La banque a également un devoir de vigilance en cas de d’anomalies apparentes et matérielles dans le fonctionnement de votre compte bancaire : il s’agit là des anomalies facilement détectables par toute banque diligente. A titre d’exemple, la banque doit naturellement vérifier qu’une fausse signature n’a pas été apposée sur un chèque vous appartenant ou que celui-ci n’a pas été falsifié de manière visible.

Enfin, la banque supporte un devoir de vigilance en cas d’anomalies dites “intellectuelles”. En effet, elle doit vous alerter en cas de virements suspects.

Dans une affaire récente, la Cour de cassation a confirmé la responsabilité de la banque au titre de son devoir de vigilance dans cette hypothèse. En l’occurrence, un client avait donné procuration à un membre de sa famille qui, sur une période d’une année, avait effectué de nombreux virements parfois rapprochés sur son compte personnel et portant sur des sommes élevées. Les juges considèrent que ces circonstances auraient dû attirer l’attention de la banque.

“L’arrêt retient que le fonctionnement des comptes d'[R] [L] présentait, entre le 3 novembre 2007 et le 14 octobre 2008, des opérations très nombreuses sans justifications apparentes au regard d’un fonctionnement normal, notamment des mouvements de fonds rapprochés et portant sur des sommes élevées réalisés par des virements internes depuis le compte de dépôt d'[R] [L] vers le compte de dépôt de son fils, ce qui aurait dû attirer l’attention de la banque. Il ajoute que le compte de dépôt d'[R] [L], initialement domicilié en Algérie, où il vivait, a été domicilié le 21 novembre 2007 à l’agence de la [banque] de Roubaix, ce qui aurait dû accroître la méfiance de la banque face aux anomalies apparentes et l’amener à s’interroger sur les risques de détournement, par M. [B] [L], des fonds de son mandant.
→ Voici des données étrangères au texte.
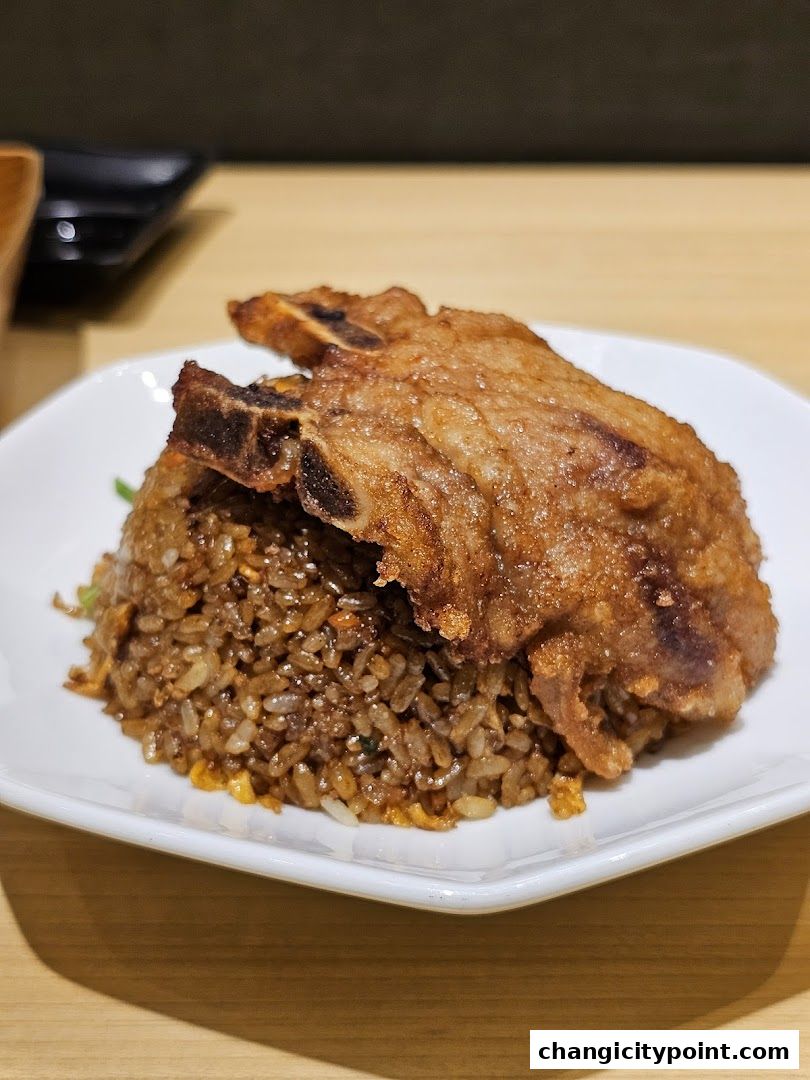 A plate of fried rice topped with a crispy fried pork chop.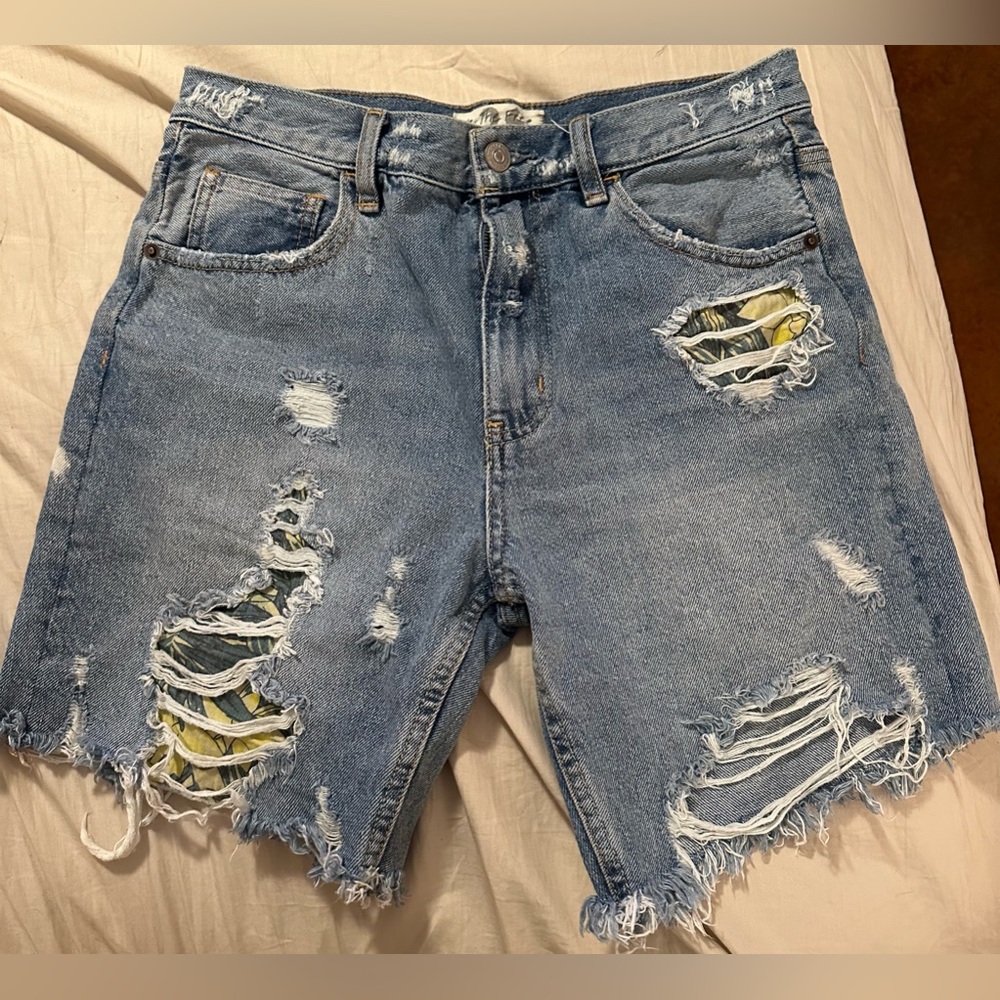 We the Free denim shorts. Frayed hem with floral details in distressed areas.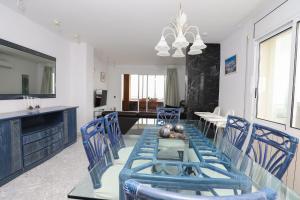 a dining room with blue chairs and a table at COSTA DAURADA APARTAMENTS - Residencial Rits in Salou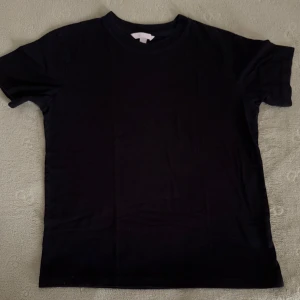 Svart t-shirt  - T-shirten har rund halsringning och korta ärmar, perfekt för en clean och enkel stil. Tillverkad i mjuk bomull som känns skön mot huden. Passar till allt och är ett måste i garderoben.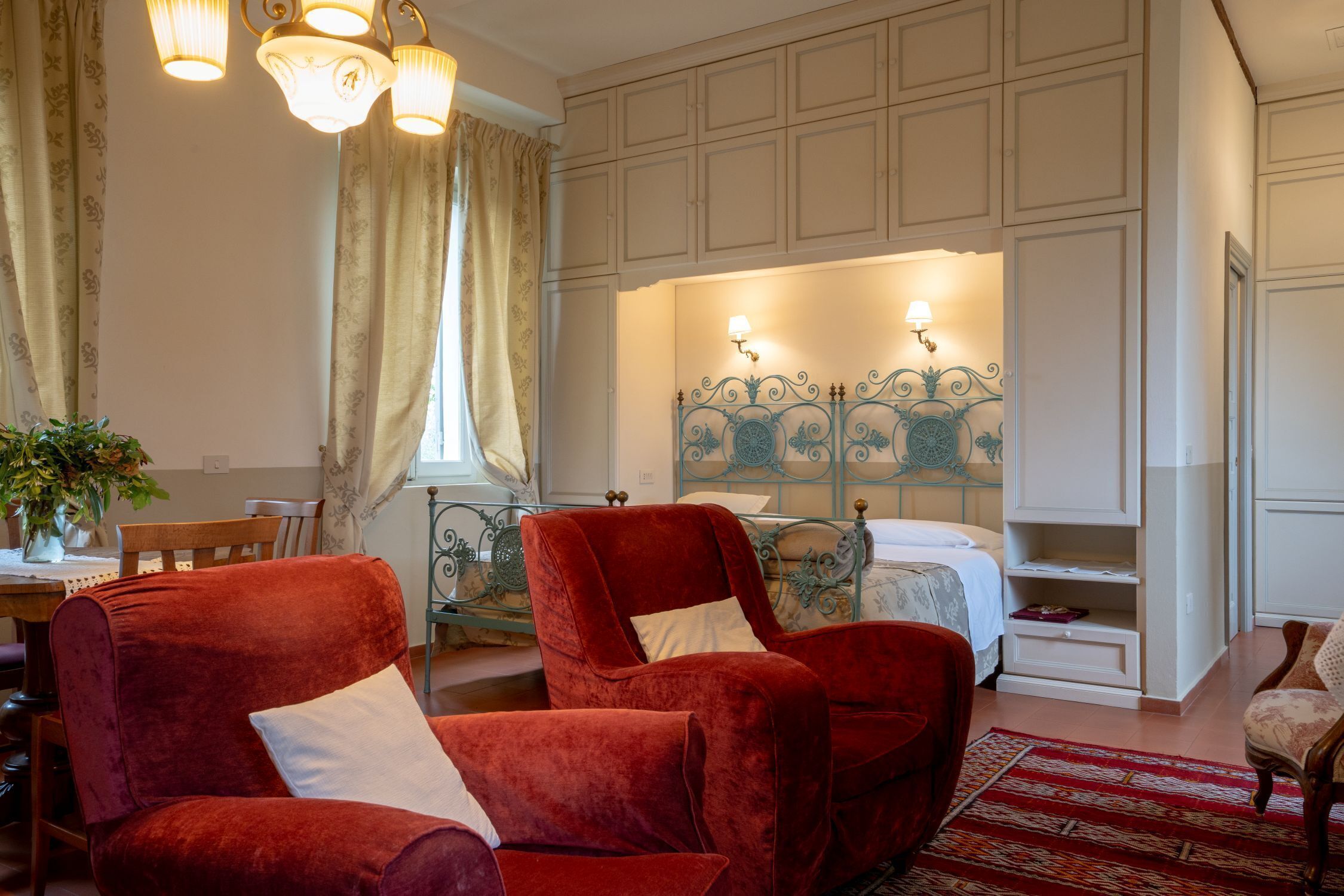 A room with a bed, a red velvet armchair, a dining table with chairs, and a decorative headboard.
(…) De ces constatations et appréciations, la cour d’appel (…) a pu déduire que la banque avait commis une faute en n’avertissant pas [R] [L] des opérations réalisées par son fils, M. [B] [L], quand bien même celui-ci était son mandataire.” Cass Com, 5 avril 2023, N°21-22-300,

La banque est donc condamnée à rembourser les sommes litigieuses.
Dès lors, soyez vigilants et réactifs en cas d’anomalies sur votre compte bancaire et consultez votre avocat.